Adrian Thatcher finds strange methodology behind this accusation

The Judas Church: An obsession with sex
Kevin Carey
Sacristy Press £12.99
(978-1-908381-78-1)
Church Times Bookshop £11.69 (Use code CT670 )

THIS is a quirky intrusion into Anglican squabbles about sex. The aim of the book is to "explore" the thesis that the Bible is "more con­cerned with power, wealth, and social and procedural justice than it is with sexual ethics". The thesis is found proved, and the conclusion reached that the Church has betrayed the marginalised and the poor by concentrating dispro­portionately upon sex, when it should have been concerned to a much greater extent with injustice. "Judas handed back the silver and killed himself. We should hand back the silver and do better."

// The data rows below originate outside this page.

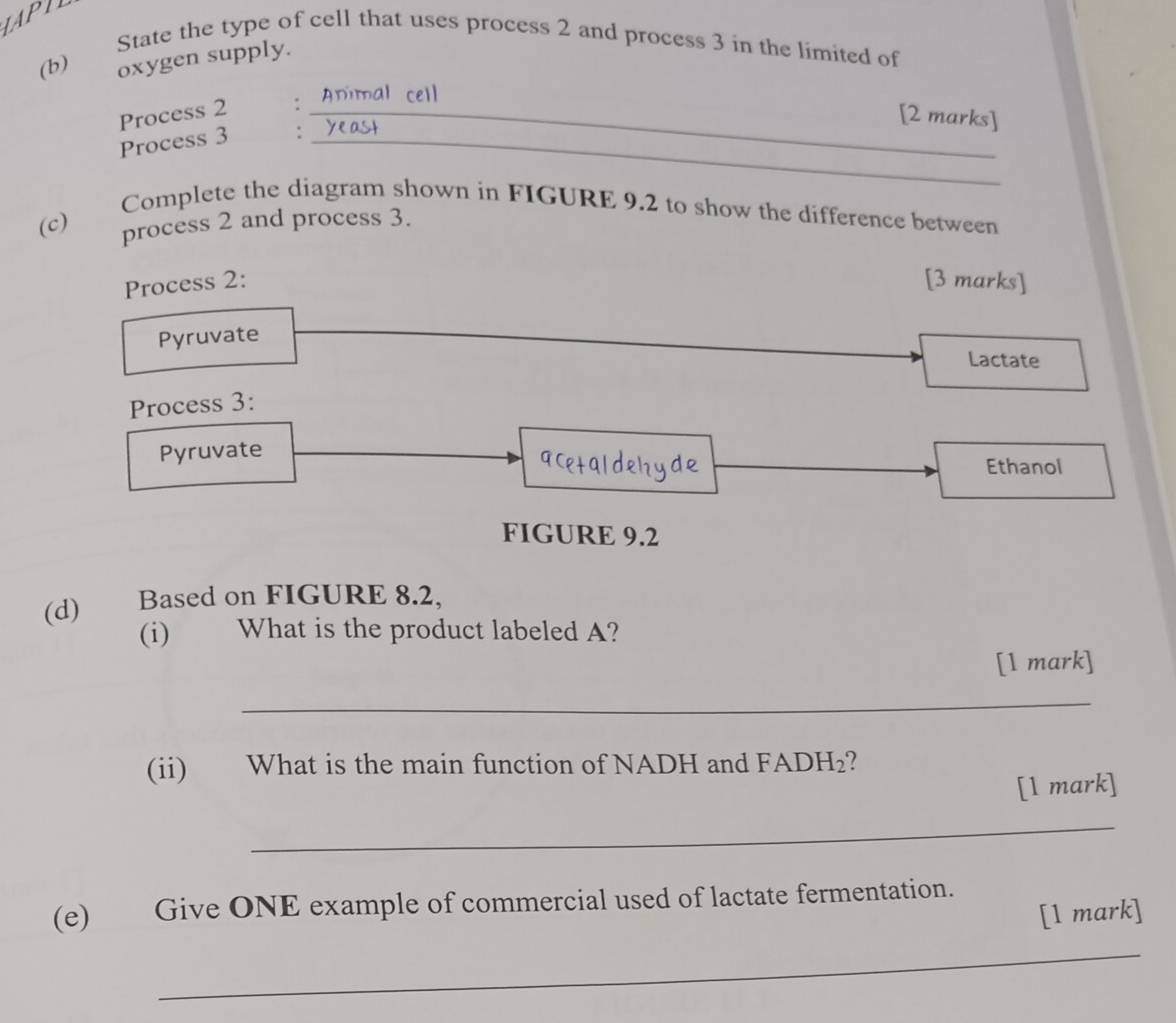 State the type of cell that uses process 2 and process 3 in the limited of 
oxygen supply. 
Process 2 ： Animal cell 
_[2 marks] 
_ 
_ 
Process 3 ： yeast 
Complete the diagram shown in FIGURE 9.2 to show the difference between 
(c) 
process 2 and process 3. 
Process 2: [3 marks] 
Pyruvate 
Lactate 
Process 3: 
Pyruvate Ethanol 
FIGURE 9.2 
(d) Based on FIGURE 8.2, 
(i) What is the product labeled A? 
[1 mark] 
_ 
(ii) What is the main function of NADH and FAD H_2 ? 
[1 mark] 
_ 
(e) Give ONE example of commercial used of lactate fermentation. 
[1 mark] 
_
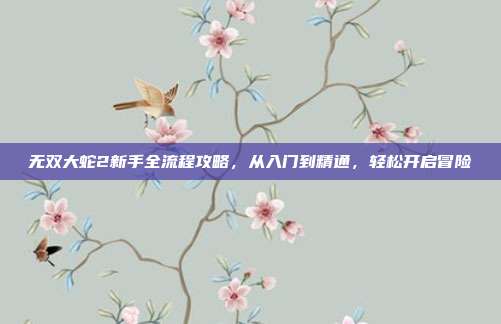 无双大蛇2新手全流程攻略,从入门到精通,轻松开启冒险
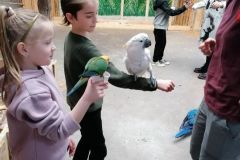 Niezwykła lekcja przyrody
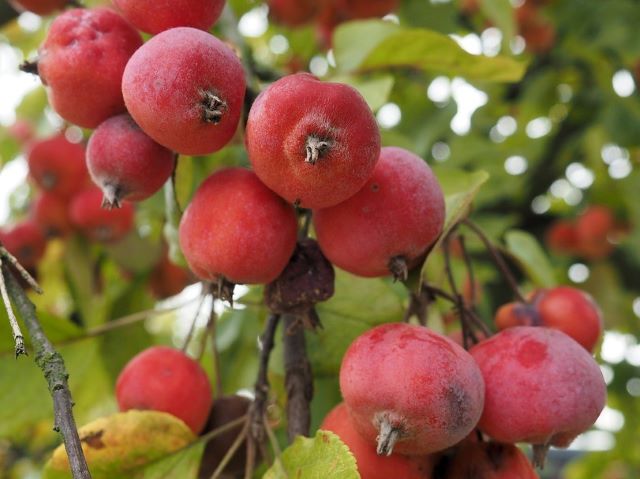 Crab Apples - Eating Crab Apples with Recipe Ideas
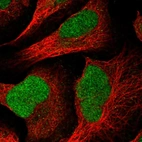 Immunofluorescent staining of human cell line U-2 OS shows localization to nucleus.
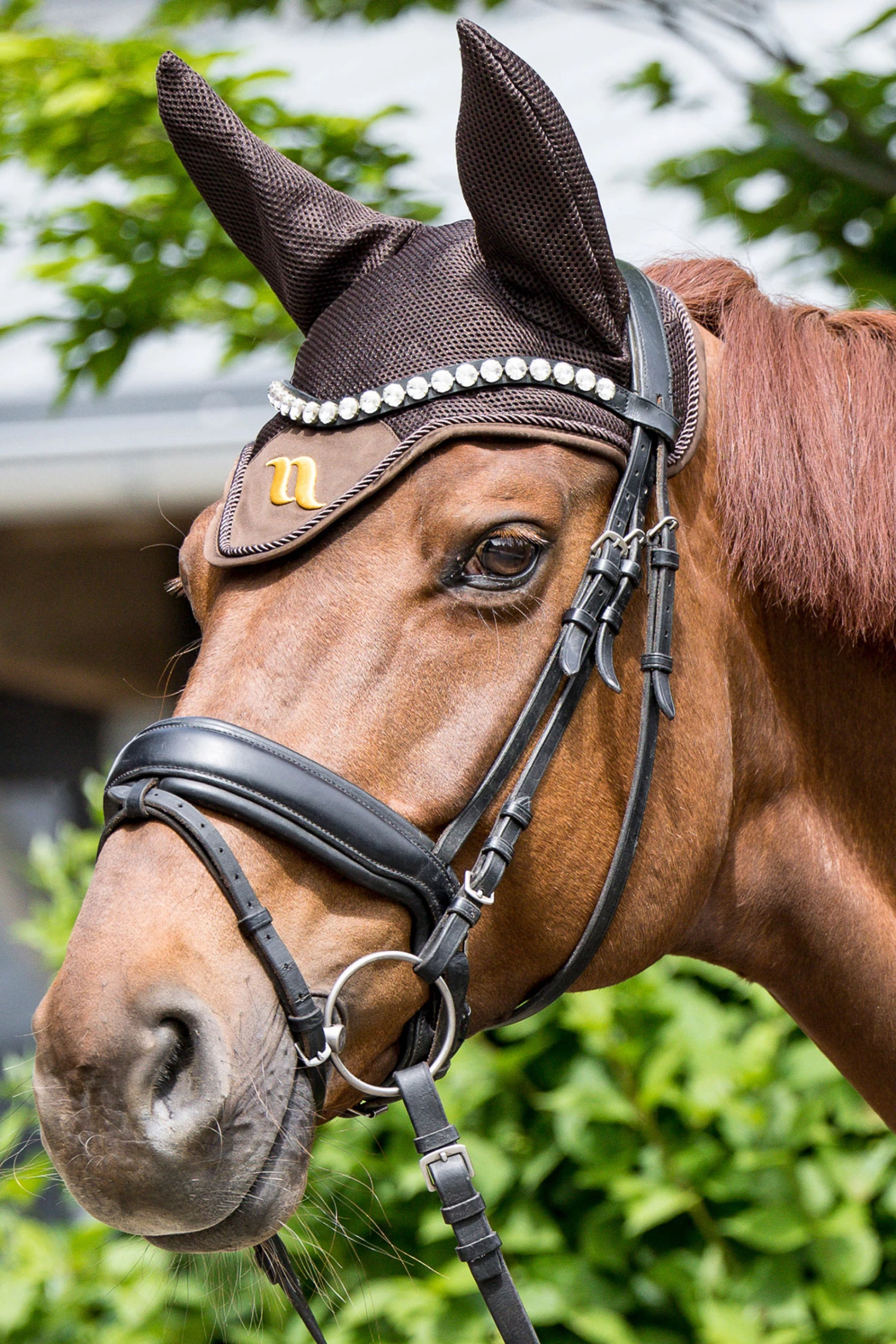 Back On Track Airflow Fliegenhaube 8 Back On Track Airflow Fliegenhaube – Bild 6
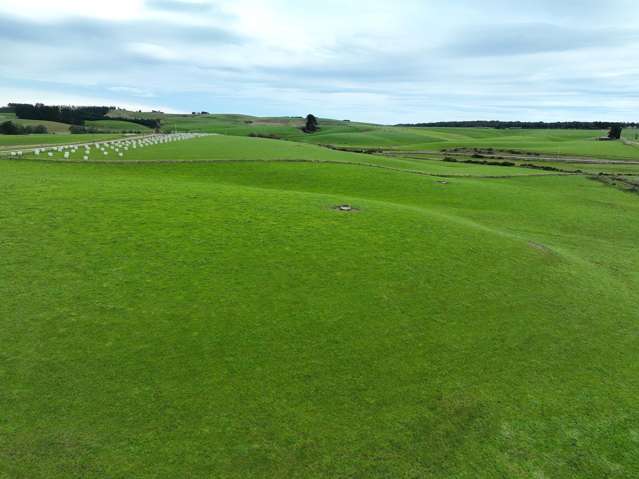 75/100 Crighton Road Waimahaka_4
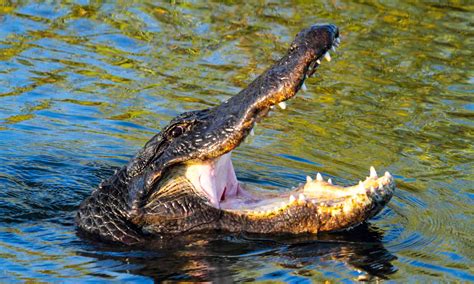 Florida State Reptile Alligator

The method adopted in order to explore the thesis is almost bizarre. Carey isolates three broad clusters of issues, "Sexuality and gender" (S), "Power and wealth" (P), and "Procedural justice and mercy'" (J). He then isolates every single instance of each issue in the whole Bible and the Apocrypha (yes, really), categorising each passage with one of the letters, S, P, or J. If they are "relevant" to today's squabbles, they are given a + sign: if they are irrelevant they get a ‒.

Passages about love generally score three times, being included in all categories S, P, and J. The totals add up. For the entire biblical corpus, the total S score is 337, with 199 entries ranked S‒, and 138 ranked S+. P+ adds up to 352, and J+ to 150. The thesis is regarded as supported by the evidence. Small chapters (on Scripture, Tradition, and Experience) find similar emphases on sex to the detriment of the more important issues.

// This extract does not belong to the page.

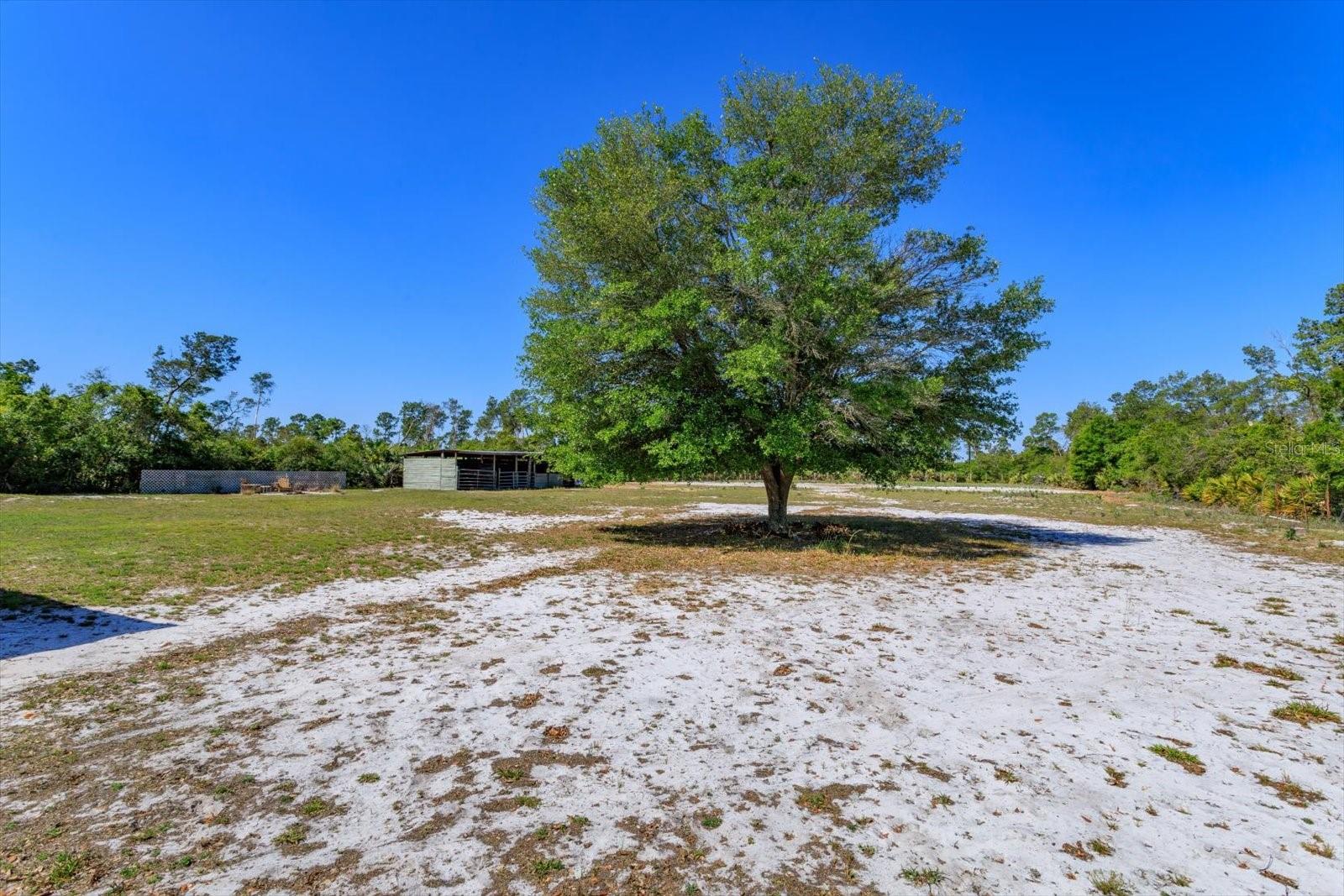 DELTONA FARMS ESTS UNREC SUB - Residential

There are huge problems, of course, with the method: the de­­limiting of passages before they are counted; their classification; the assessment of relevance; interpre­tation. The author is irked by the filibustering of conservative attempts to arrive at a credible sexual ethic.

However zany the method, it may convince "those who hold to the principle of sola scriptura" that their emphasis on sex is "dispropor­tion­ate".

Dr Adrian Thatcher is Professor of Applied Theology at the University of Exeter.